We have to give particular support to the peoples who are fighting against Canadian imperialism (Haiti, South Africa, South America, Jamaica), even if those struggles are not the most bitter in the world. These struggles not only help to weaken the Canadian imperialist bourgeoisie, but also allow us to develop, through propaganda, the internationalist consciousness among the Canadian working class.
We must use every means possible to denounce social-imperialism and the hidden role it plays in sabotaging anti-imperialist struggles.... We must wage the struggle against the opportunist support of Canadian social-democrats and revisionists to Third World peoples. (Digest, special issue, p. 13)

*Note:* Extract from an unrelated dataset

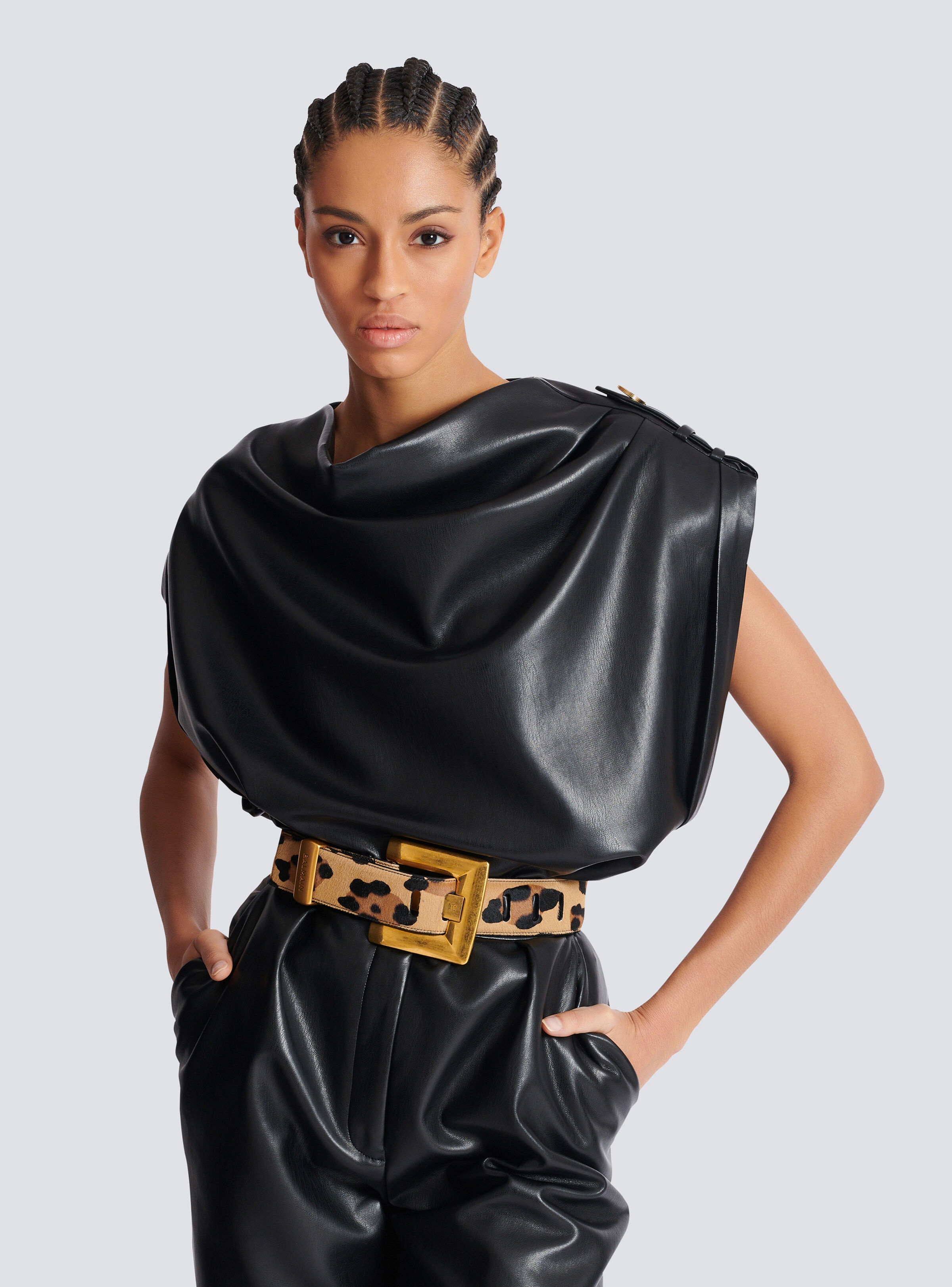 Anthem leopard print leather belt - 2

An excellent article, this. How we agree that the Canadian proletariat must focus its attention on the victims of Canadian imperialism particularly! How we agree that to struggle on these questions deepens the internationalist consciousness among the Canadian working class, and how we agree indeed that the support of our “social-democrat” and “revisionist” “friends” is opportunist indeed if it merely prattles about democratic rights but fails to raise the right to self-determination, up to and including secession! How we agree that this is “social-imperialism”, “sabotaging anti-imperialist struggles!”

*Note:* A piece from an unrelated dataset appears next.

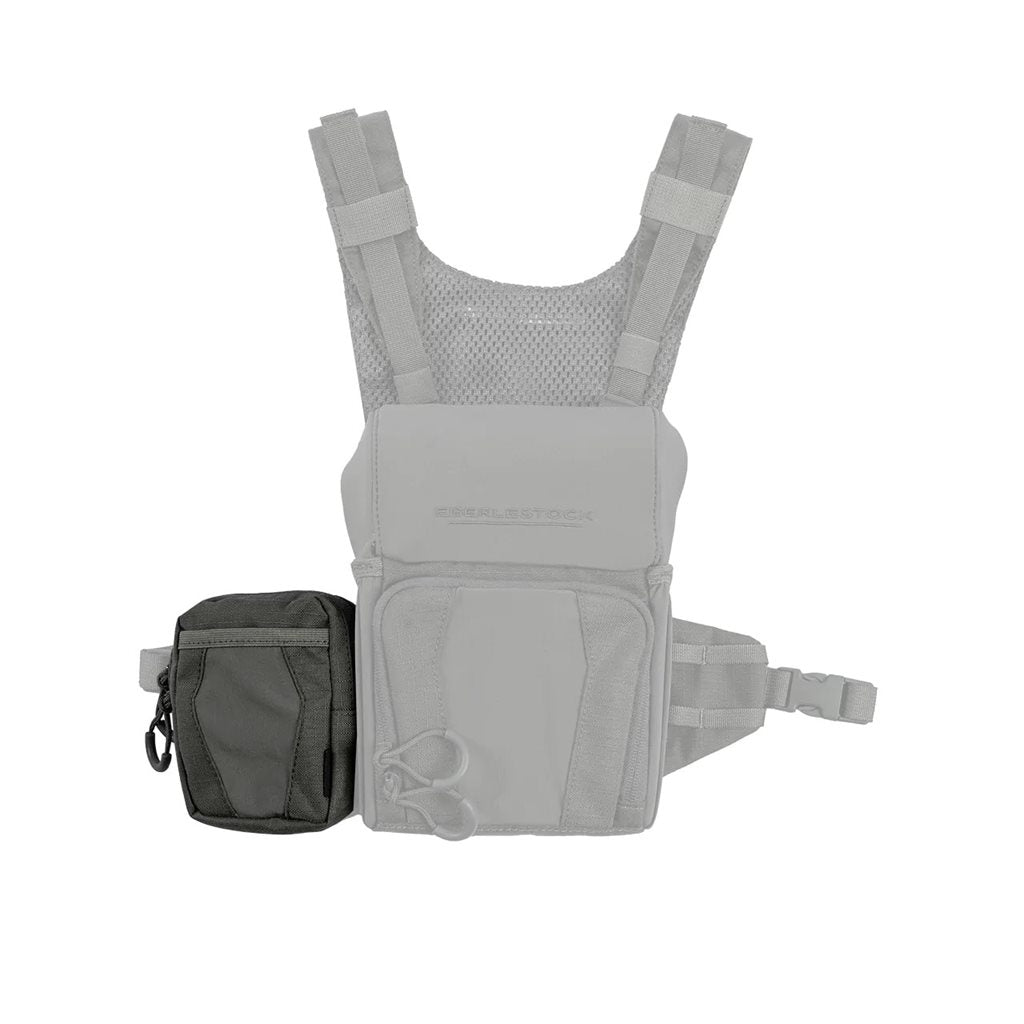 Funda RECON universal gris de Eberlestock con cremallera bidireccional y bolsillo frontal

What is more, In Struggle! has given us a fine example of “annexationist indifference in practice” when it has published an entire supplement on the national question which deals only with Quebec and not with Native Canada. This again is an example of their willingness to shield the working class from the burning political issues which confront us in Canada.
We read in this supplement a very fine defense of the necessity to recognize the right of oppressed nations to secede. And we read a position put forward by Stalin as follows:
We still have to settle the question of how to organize the proletariat of the various nations into a single, common party. One plan is that the workers should be organized on national lines – so many nations, so many parties. That plan was rejected by the Social-Democrats. Experience has shown that the organization of the proletariat of a given state on national lines tends only to destroy the idea of class solidarity. All the proletarians of all the nations in a given state must be organized in a single, indivisible proletarian collective. (“The Seventh [April] Conference of the RSDLP(B),” Joseph Stalin: Selected Works, p. 97.)
We are sincerely appreciative that In Struggle! has brought this statement by Stalin, and this article, to our attention. We will therefore give it close examination.
This position by Stalin comes at the end of a longer article which systematically traces the steps to be considered in the resolution of the national question. The first step, according to Stalin, is that the right of oppressed nations to secede must be recognized. Stalin says: ”When we put forward the principle that peoples have the right to self-determination we thereby raise the struggle against national oppression to the level of a struggle against imperialism, our common enemy. If we fail to do this, we may find ourselves in the position of bringing grist to the mill of the imperialists.” (Ibid., p. 95)
Then, however, Stalin deals with the question of secession itself – whether proletarians advocate secession or not. Stalin is absolutely clear that there is no dogmatic answer to this question.
This latter question must be settled quite separately by the party of the proletariat in each particular case, according to the circumstances.... Thus we are at liberty to agitate for or against secession in accordance with the interests of the proletariat, of the proletarian revolution. Hence, the question of secession must be determined in each particular case independently, in accordance with the existing situation, and, for this reason, recognizing the right of secession must not be confused with the expediency of secession in any given circumstances. (Ibid., pp. 95-6)
Stalin then goes on to deal with those peoples who, having been granted the right of secession, have chosen of their own will to remain in the boundaries of a given state. It is only then that Stalin goes into the question of organizing the proletariat of the various nations into a single party.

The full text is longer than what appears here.